Yes, here they are if we want to use them. (ref:
http://www.mathworks.com/help/techdoc/matlab_prog/f0-40063.html)
1. Parentheses ()
2. Transpose (.'), power (.^), complex conjugate transpose ('), matrix
power (^)
3. Unary plus (+), unary minus (-), logical negation (~)
4. Multiplication (.*), right division (./), left division (.\), matrix
multiplication (*), matrix right division (/), matrix left division (\)
5. Addition (+), subtraction (-)
6. Colon operator (:)
7. Less than (<), less than or equal to (<=), greater than (>), greater
than or equal to (>=), equal to (==), not equal to (~=)
8. Element-wise AND (&)
9. Element-wise OR (|)
10. Short-circuit AND (&&)
11. Short-circuit OR (||)
>
> | Octave has it's own table for precedence and
> | exponentiation is the highest priority.
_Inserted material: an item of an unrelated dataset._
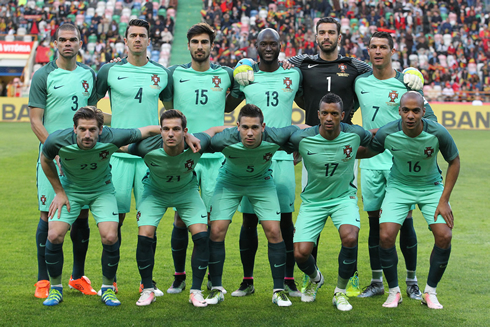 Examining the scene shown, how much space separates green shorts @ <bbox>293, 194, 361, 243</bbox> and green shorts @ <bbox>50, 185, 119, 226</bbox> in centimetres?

We merely want to follow our own
> | rules and documented behavior.
>
> With my propopsed patch, the two tests that are failing are
>
> a = 0;
> assert (---a, 1);
>
> and
>
> a = 0;
> assert (!~a++, false)
>
> For the first, I guess we are parsing this as
>
> --(-a)
>
> so the error message about invalid lvalue makes sense. Are you saying
> that this should be parsed as
>
> -(--a)
>
> ? If so, maybe it would be clearer in the tests to write it as
>
> a = 0; b = 0; assert (---a, -(--b))
>
> If this is correct, then I think the problem is with the lexer, which
> is preferring the longest match when generating tokens for the parser,
> so it sees --- as -- -, not - --. I suppose we can fix this with
> additional lookahead.
I put a FIXME line in the tests for this case indicating that we should
really consider whether to bother fixing this outlier. Unless it is simple
to fix, I would propose just accepting the current behavior because there
are clearer ways to write ---a (and any bad programmers who attempt to use
this ungainly construction will be punished by having it fail!)
>
> For the second, it is apparently parsed as
>
> (! (~ a))++
You're right that this is parsing correctly. All three operators !,~,++
are at the same precedence level and so it should be parsed left to right.
On the other hand, the current Octave code does parse this the way you've
written it below. Should the test be changed to make the current code an
error?
> Is that incorrect? Is it supposed to be
>
> ! (~ (a++))
>
> ? I'm not sure what the right fix is for this one.